DIRECTIONS =
Everything below from the line with "Bán 300m đất" through the line with "MUSLI SRDIECKA COKOLADOVE" should be copied exactly, and nothing else; leave out the pictures.

DATA EXCERPTS =
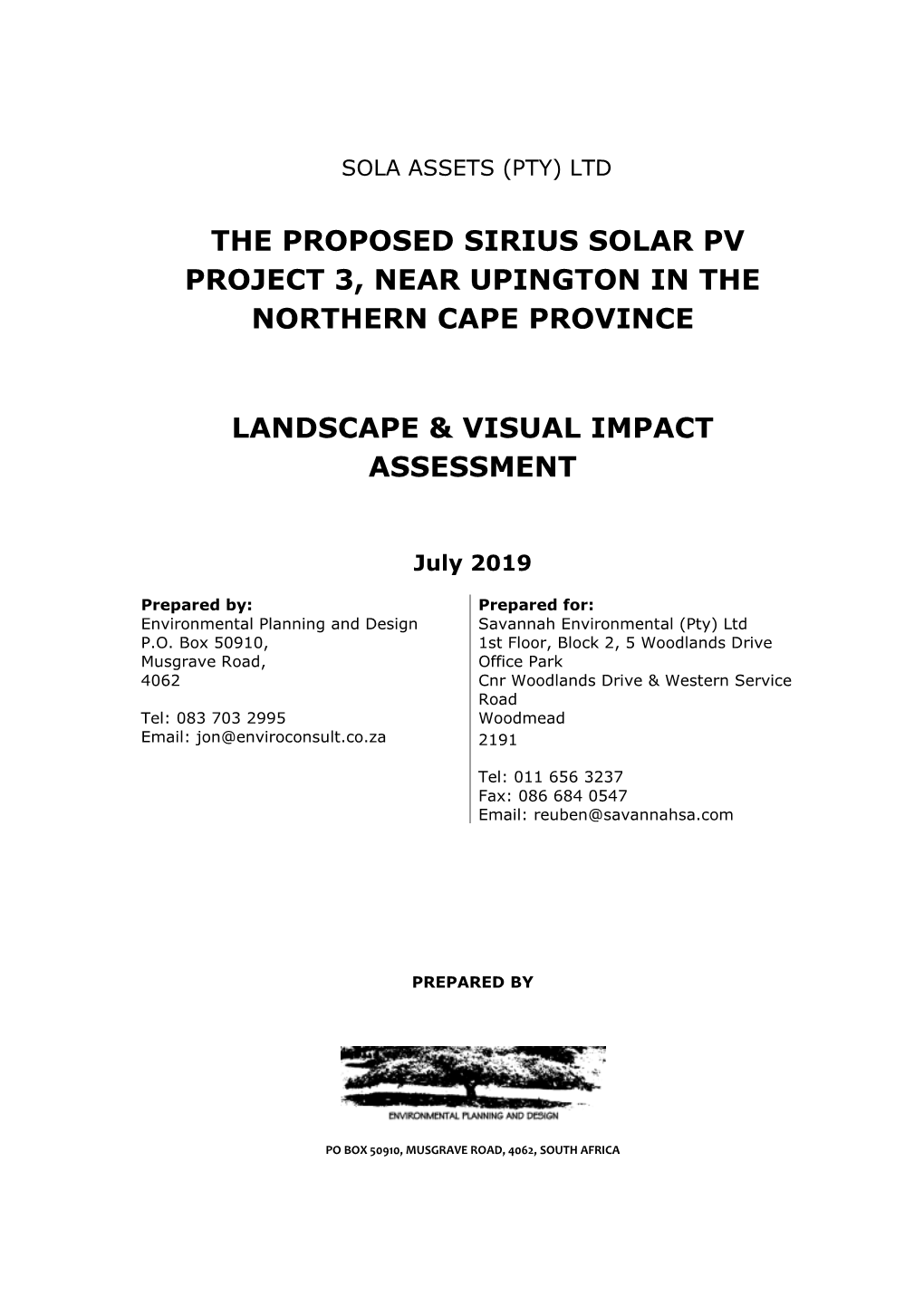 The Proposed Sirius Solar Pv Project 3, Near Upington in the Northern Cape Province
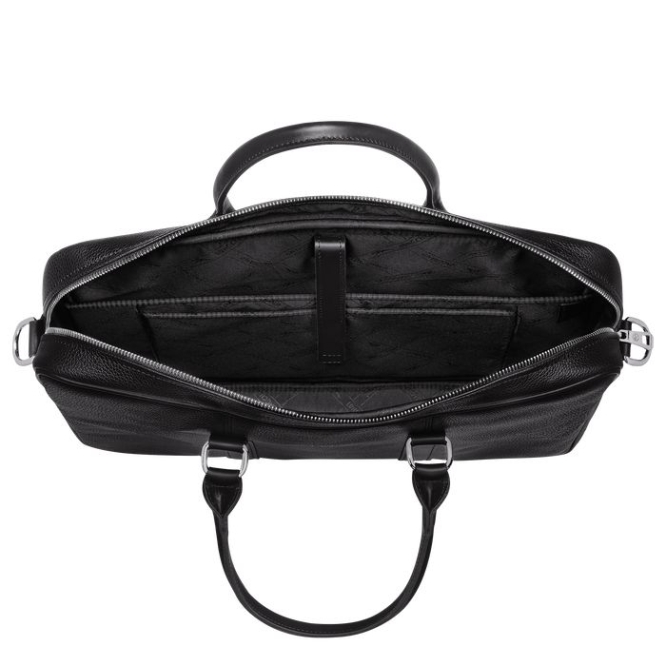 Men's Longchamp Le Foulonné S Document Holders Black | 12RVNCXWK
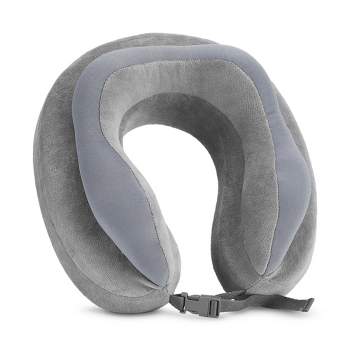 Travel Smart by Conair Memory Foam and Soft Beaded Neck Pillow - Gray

* * *

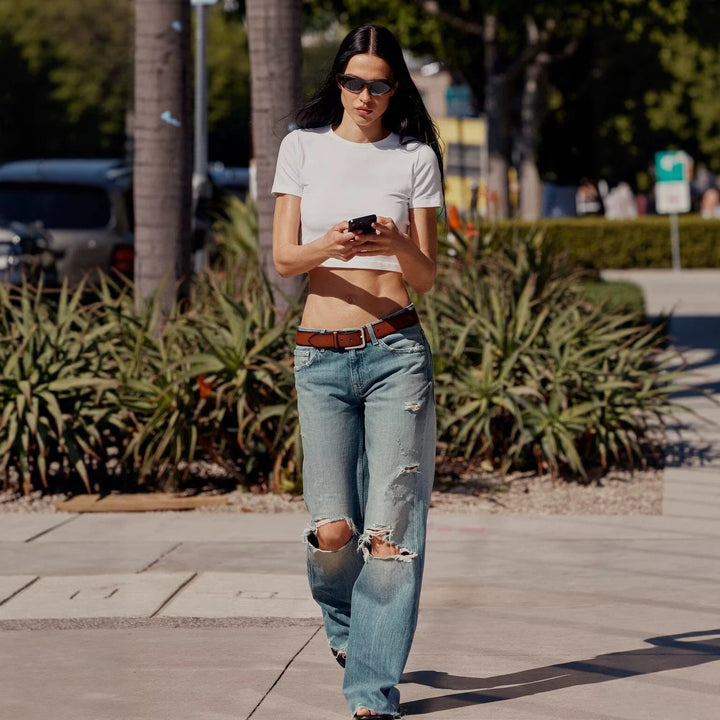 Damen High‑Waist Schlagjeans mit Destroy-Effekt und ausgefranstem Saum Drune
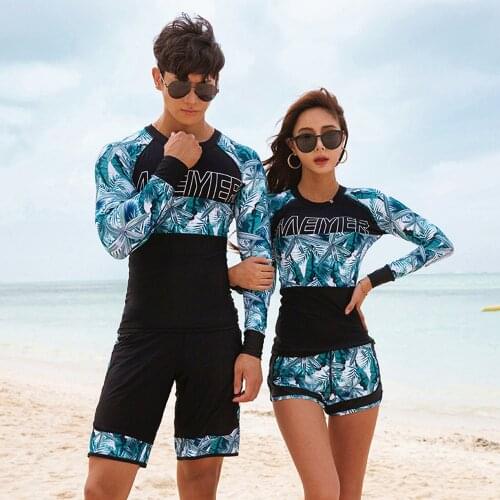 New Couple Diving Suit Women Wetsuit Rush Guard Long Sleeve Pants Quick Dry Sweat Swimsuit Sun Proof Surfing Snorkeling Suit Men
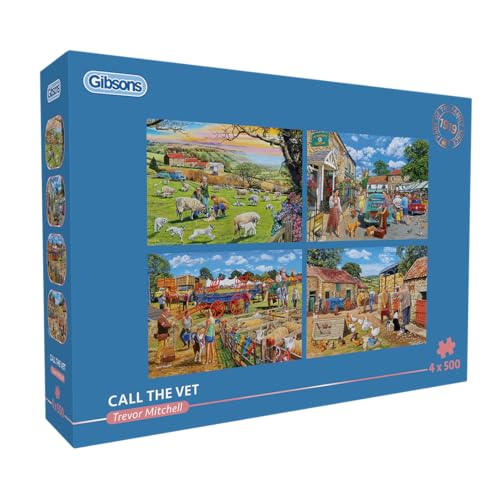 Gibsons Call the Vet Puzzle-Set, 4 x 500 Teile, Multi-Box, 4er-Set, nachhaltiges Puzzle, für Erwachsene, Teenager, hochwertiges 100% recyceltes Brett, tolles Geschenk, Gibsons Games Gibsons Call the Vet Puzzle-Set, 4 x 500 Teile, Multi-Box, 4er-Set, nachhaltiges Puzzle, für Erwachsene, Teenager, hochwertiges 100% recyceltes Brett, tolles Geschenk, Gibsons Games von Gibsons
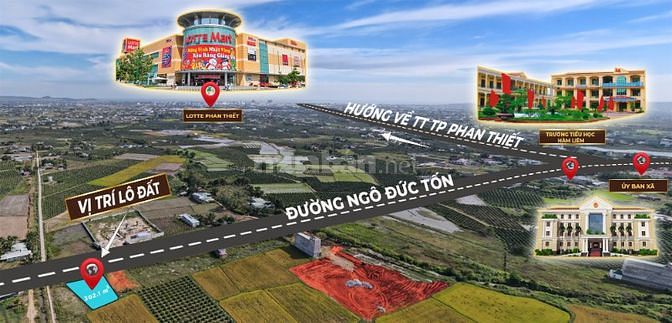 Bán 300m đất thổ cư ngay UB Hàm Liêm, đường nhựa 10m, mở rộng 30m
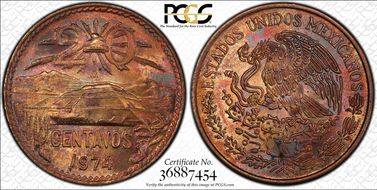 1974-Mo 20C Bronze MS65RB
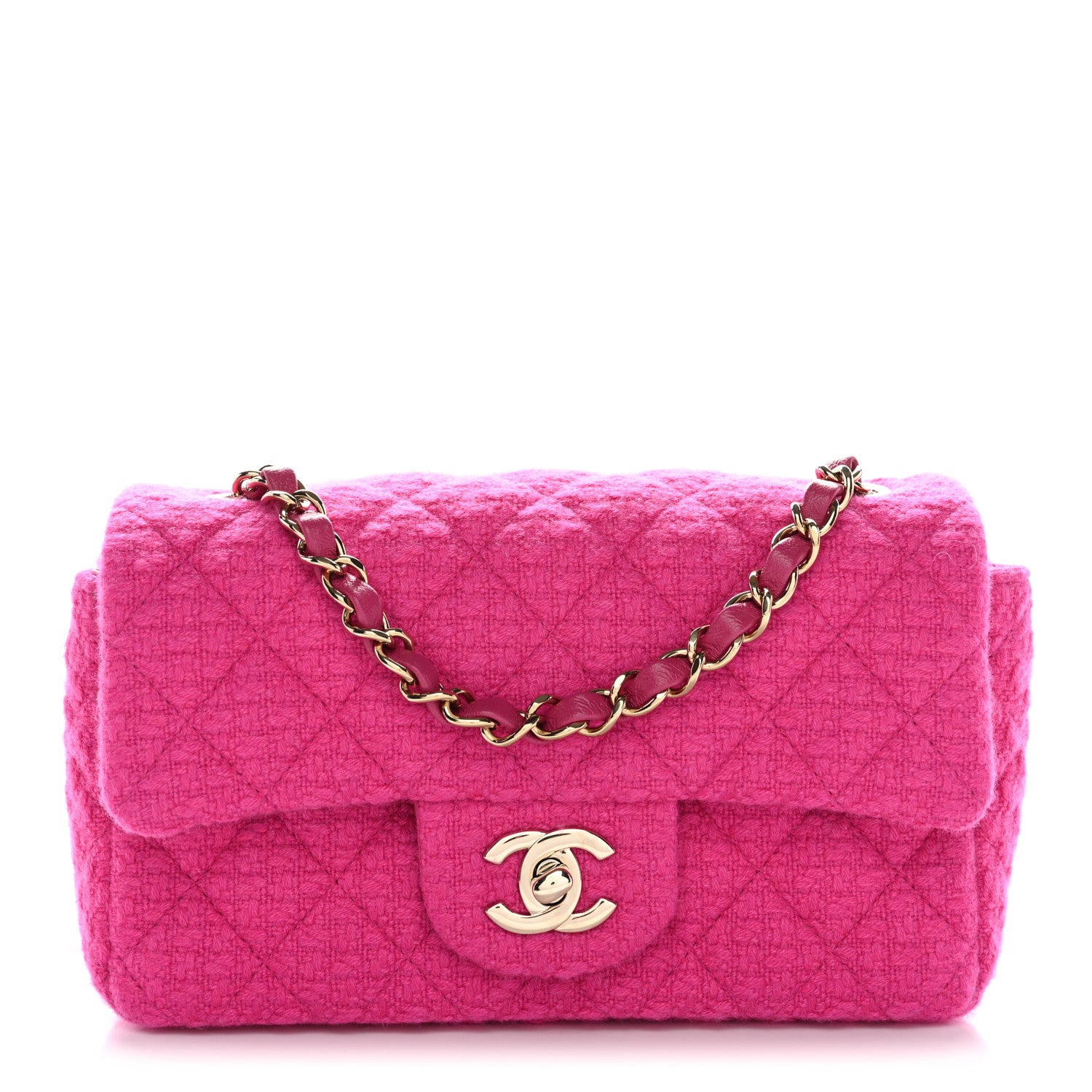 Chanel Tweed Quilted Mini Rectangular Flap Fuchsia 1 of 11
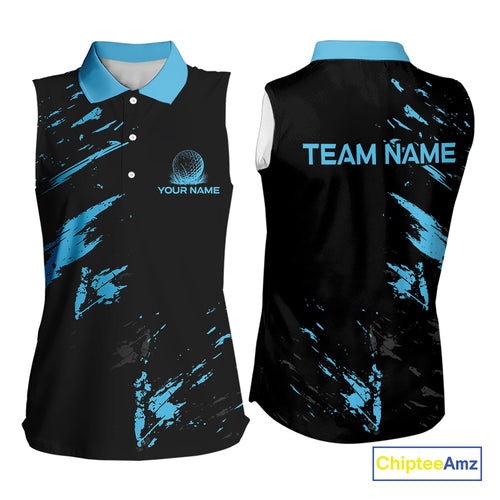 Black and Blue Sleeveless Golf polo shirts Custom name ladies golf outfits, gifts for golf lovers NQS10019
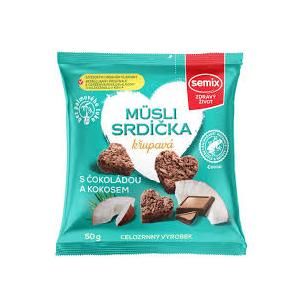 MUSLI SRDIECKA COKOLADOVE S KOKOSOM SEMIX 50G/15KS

REPLY TO THE TASK =
 Bán 300m đất thổ cư ngay UB Hàm Liêm, đường nhựa 10m, mở rộng 30m
 1974-Mo 20C Bronze MS65RB
 Chanel Tweed Quilted Mini Rectangular Flap Fuchsia 1 of 11
 Black and Blue Sleeveless Golf polo shirts Custom name ladies golf outfits, gifts for golf lovers NQS10019
 MUSLI SRDIECKA COKOLADOVE S KOKOSOM SEMIX 50G/15KS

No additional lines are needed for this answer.